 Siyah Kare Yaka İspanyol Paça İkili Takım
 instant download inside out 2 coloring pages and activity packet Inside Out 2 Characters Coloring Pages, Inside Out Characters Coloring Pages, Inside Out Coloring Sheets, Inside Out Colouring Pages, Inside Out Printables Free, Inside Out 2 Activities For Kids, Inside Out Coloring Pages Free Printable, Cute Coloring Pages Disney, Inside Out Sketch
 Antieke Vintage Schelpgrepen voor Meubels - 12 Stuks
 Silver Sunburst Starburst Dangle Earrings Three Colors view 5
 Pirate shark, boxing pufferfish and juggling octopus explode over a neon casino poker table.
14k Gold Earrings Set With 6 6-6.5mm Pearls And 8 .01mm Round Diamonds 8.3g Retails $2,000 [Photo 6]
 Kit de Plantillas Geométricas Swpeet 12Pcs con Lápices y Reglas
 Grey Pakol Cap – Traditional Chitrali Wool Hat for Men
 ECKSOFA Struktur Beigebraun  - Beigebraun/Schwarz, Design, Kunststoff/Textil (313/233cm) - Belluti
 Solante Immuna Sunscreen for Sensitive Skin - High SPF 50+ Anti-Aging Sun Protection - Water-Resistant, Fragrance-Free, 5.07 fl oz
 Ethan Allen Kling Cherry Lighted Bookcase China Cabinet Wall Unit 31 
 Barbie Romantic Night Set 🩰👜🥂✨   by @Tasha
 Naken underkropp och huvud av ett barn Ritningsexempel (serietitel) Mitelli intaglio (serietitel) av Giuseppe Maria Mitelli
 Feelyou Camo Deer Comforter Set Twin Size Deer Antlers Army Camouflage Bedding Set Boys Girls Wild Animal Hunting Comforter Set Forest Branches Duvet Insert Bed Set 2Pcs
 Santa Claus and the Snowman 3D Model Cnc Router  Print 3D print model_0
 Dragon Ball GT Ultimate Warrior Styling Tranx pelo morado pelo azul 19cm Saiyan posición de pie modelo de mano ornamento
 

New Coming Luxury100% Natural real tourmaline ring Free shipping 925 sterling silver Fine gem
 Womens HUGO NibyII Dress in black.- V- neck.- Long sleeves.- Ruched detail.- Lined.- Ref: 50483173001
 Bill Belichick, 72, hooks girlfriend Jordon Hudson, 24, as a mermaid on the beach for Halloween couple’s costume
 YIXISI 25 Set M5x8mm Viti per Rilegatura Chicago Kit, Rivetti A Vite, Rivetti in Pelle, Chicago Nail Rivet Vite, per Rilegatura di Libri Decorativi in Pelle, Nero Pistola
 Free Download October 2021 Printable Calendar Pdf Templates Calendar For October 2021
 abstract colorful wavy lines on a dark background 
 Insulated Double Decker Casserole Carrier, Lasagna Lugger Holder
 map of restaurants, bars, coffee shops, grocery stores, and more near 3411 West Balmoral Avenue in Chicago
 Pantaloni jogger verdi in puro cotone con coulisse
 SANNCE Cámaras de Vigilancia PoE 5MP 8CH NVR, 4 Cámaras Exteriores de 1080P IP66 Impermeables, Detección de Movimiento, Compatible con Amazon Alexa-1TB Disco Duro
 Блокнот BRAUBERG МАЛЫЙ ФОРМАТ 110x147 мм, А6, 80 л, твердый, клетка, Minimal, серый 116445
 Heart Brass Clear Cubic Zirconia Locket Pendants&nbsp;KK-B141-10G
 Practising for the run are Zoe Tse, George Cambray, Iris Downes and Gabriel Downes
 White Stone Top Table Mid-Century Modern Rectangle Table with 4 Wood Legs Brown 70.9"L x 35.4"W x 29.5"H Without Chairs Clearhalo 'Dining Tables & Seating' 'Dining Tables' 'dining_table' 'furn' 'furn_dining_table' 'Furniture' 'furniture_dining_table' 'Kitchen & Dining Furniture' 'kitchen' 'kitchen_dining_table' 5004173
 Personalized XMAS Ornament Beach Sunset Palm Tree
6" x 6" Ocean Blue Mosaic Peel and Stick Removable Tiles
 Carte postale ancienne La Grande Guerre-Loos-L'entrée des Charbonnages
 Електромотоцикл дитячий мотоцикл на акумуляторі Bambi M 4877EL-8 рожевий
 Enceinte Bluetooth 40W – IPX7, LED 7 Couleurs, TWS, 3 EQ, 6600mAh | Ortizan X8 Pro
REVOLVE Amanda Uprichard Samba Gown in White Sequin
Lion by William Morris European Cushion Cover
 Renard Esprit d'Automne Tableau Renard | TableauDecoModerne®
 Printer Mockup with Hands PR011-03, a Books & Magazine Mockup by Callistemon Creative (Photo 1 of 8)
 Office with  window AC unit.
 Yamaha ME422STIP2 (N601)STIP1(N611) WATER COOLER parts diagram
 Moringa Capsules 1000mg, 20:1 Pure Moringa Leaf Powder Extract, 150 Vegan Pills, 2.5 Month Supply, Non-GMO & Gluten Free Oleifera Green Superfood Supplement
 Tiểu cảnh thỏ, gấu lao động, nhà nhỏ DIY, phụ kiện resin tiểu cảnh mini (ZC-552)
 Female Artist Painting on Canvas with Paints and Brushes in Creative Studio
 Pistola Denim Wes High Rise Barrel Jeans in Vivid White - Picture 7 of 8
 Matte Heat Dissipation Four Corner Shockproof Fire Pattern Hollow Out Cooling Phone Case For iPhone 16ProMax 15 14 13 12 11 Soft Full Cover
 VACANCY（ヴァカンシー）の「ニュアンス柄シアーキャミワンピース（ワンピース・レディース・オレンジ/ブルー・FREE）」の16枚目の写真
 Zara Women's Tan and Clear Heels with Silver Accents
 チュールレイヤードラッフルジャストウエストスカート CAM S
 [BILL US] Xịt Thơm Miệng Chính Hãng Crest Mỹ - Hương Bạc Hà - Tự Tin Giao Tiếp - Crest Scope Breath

Task instructions: Copy back the listing above exactly, but only from the line with "Enceinte Bluetooth 40W" through the line with "VACANCY（ヴァカンシー", both ends included.

Written response:
 Enceinte Bluetooth 40W – IPX7, LED 7 Couleurs, TWS, 3 EQ, 6600mAh | Ortizan X8 Pro
REVOLVE Amanda Uprichard Samba Gown in White Sequin
Lion by William Morris European Cushion Cover
 Renard Esprit d'Automne Tableau Renard | TableauDecoModerne®
 Printer Mockup with Hands PR011-03, a Books & Magazine Mockup by Callistemon Creative (Photo 1 of 8)
 Office with  window AC unit.
 Yamaha ME422STIP2 (N601)STIP1(N611) WATER COOLER parts diagram
 Moringa Capsules 1000mg, 20:1 Pure Moringa Leaf Powder Extract, 150 Vegan Pills, 2.5 Month Supply, Non-GMO & Gluten Free Oleifera Green Superfood Supplement
 Tiểu cảnh thỏ, gấu lao động, nhà nhỏ DIY, phụ kiện resin tiểu cảnh mini (ZC-552)
 Female Artist Painting on Canvas with Paints and Brushes in Creative Studio
 Pistola Denim Wes High Rise Barrel Jeans in Vivid White - Picture 7 of 8
 Matte Heat Dissipation Four Corner Shockproof Fire Pattern Hollow Out Cooling Phone Case For iPhone 16ProMax 15 14 13 12 11 Soft Full Cover
 VACANCY（ヴァカンシー）の「ニュアンス柄シアーキャミワンピース（ワンピース・レディース・オレンジ/ブルー・FREE）」の16枚目の写真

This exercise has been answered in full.